Une autre fois, il s’agit d’un livre que Gergerès lui a prêté, Édouard, roman de Mme de Duras, paru en 1825. Elle trouve médiocre ce « frère déshérité d’Ourika ». Et elle termine sa lettre par une allusion à la pension qu’elle vient de recevoir :

Mais voilà ma bourse et voilà une dette qui me pèse. Et si j’allais être riche demain, que ferais-je ? J’achèterais un mouton énorme que je ne ferais jamais tondre, et des poules que je ne ferais jamais tuer[1]

Le 29 janvier 1826, elle revient à la charge en faveur de sa vieille protégée, « cette grande, grande femme », qui est au lit, « étouffant sous ses soixante-quinze années », et pour laquelle elle demande à Gergerès une carte, sans doute du bureau de bienfaisance. Et elle termine joliment sa requête :

Au secours donc ! C’est moi que vous servirez, et j’irai au ciel avant vous pour le dire. D’ailleurs, il y a un grand livre pour attraper les ingrats. Si j’étais de ce nombre, je ne me souviendrais pas si bien que c’est à vous seul que je peux recourir, quand je vois un être souffrant à protéger.
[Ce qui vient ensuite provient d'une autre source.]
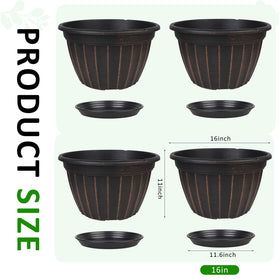 FGstyle planters ideal for herbs and flowering plants on patios or desks.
Vous êtes le bon ermite Aubry, et moi je suis le chien[2].

Le 8 juin, c’est pour son frère Félix, un assez triste sire, qu’elle sollicite. Elle conte à Gergerès son aventureuse existence de soldat invalide et demande pour lui « une petite place », « Je pleure pour mon frère depuis l’âge de dix ans », conclut-elle[3]. En septembre 1826, Gergerès était en villégiature à Bagnères. Il eût été heureux d’y avoir la visite de son amie. Elle aussi eût été heureuse « de retourner dans ces belles montagnes » où elle avait passé, avec sa mère, au cours de son aventureuse jeunesse. « Si vous y rencontrez, disait-elle, une petite fille aux longs cheveux blonds flottants, couverte de bouquets et baisant tous les moutons qu’elle approche, appelez-la. Marceline ». Elle ajoute :

J’ai lu des vers de Sigoyer qui sont, en vérité, bien beaux, bien harmonieux. Il les adresse à M. de Lamartine qui n’en a pas fait de plus purs ; mais il veut toujours croire qu’il meurt de mélancolie et je me réjouis de l’idée qu’il se porte à merveille[4].

  1. Lettres inédites, p. 20. — La lettre, sans date, est de janvier 1826.
  2. Ibid., p. 20-21.
  3. Ibid., p. 21-23. La démarche n’aboutit pas. Plus tard, Marcelline obtint, par la protection de Martin du Nord, que Felix Desbordes fût reçu à l’hospice de Douai, où il mourut le 26 mai 1851 (cf. Boulenger, p. 352-357).
  4. Ibid., p. 23-25.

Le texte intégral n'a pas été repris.